A sky full of rolling gray clouds and the sun peaking through a sliver showing blue sky above

Nye Hill Farm was established in 1790, the year President George Washington delivered the nation’s first State of the Union Address. The farmstead’s original stone foundation still exists, intact. By the time Washington delivered his Farewell Address six years later, the Nyes had built the house in which we now live. The house’s hearth still draws us near. Not for cooking, or even warmth, though it is warm. We draw near its spirit. Like the farmstead’s stone foundation, the farm’s spirit still exists, intact.

People who work this land now, who live in this house, who sit and read comfortably around its hearth, have no ancestral claim to any of it. Not the land, not the house, not the hearth. We have no Abenaki blood. We did not descend from those first English fishermen who landed, in 1623, on the coast of what came to be called New Hampshire. Our forefathers were not colonists and the daughters of the American Revolution do not grace our lineage. That traces back to Ireland, Poland, Germany and Viet Nam. But “traces” is misleading. It hasn’t been that long. Still centuries after the first shots were fired at Lexington, our families were laboring in the mills and factories of Western and Eastern Europe, and on the farms of Southeast Asia. As children we sat at supper tables listening to our grandparents translate for our great-grandparents. We work hard, but they worked harder. The Irish author and playwright Brendan Behan referred to the likes of us as “narrow-backs”, the generations born of strong immigrants who with wide backs laid the foundations upon which we have all built our successes, and upon whose wide backs we still stand. Immigrants. With no ancestral claims to the land, we feel the next highest bond. Reverence. For the land, this farm, its spirit.

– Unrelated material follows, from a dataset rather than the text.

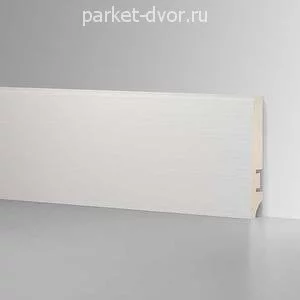 Плинтус Hannahholz Aktuel Natur №40 Лиственница Белая 16х81 мм (пог. м)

reverence, n. Deep respect, veneration, or admiration for someone or something, esp. a person or thing regarded as sacred or holy. From The Oxford English Dictionary.

Washington’s Farewell Address was not delivered before an assembly but rather it was published in a newspaper. It seems unlikely it would have been read around this hearth by which we presently sit, ourselves reading a newspaper, but Washington’s on our minds nevertheless. He too wrote of a wall that year, 1796, in a letter to his Secretary of State. But as the eminent historian Joseph Ellis points out in his deliberative American Dialogue, Washington’s concern was not to keep safe the peace and prosperity of those inside the wall of which he wrote. It was to keep safe the peace and prosperity of those outside the wall. Washington foresaw that nothing short of a “Chinese wall” would stop American settlers from emigrating to new opportunities, west of the colonies, taking away the lands and livelihoods of those already there. Ironic, that. But we’re not writing about irony, we’re writing about reverence.

To revere is “to feel deep respect or admiration for; to hold in highest esteem; to treat with reverence”. Also from The Oxford English Dictionary. Nothing to suggest that reverence is the domain of any one nationality, even less any one race.

We think of Nye Hill Farm as a thin place (The Guardian’s Oliver Burkeman, quoting Eric Weiner’s spiritual travelogue Man Seeks God, describes thin places as “‘the places in the world where the walls are weak’, where another dimension seems nearer than usual.”). The farm’s spirit seems to bridge the worlds of the Abenaki, their gods, the colonists, their governors, the Nyes, their lives. We think of the Nyes. We even pause now and then where they repose. We hope they find quiet under our watch. We do not think of them as our forebears, they are not, we have no ancestral claim to this land. We think of them as among those who came before us. Just as we hope to be thought of by those who come after us, revering this land, holding sacred its spirit. From where those people come, of what nationality, of what race, makes no difference to us. Or anyone else.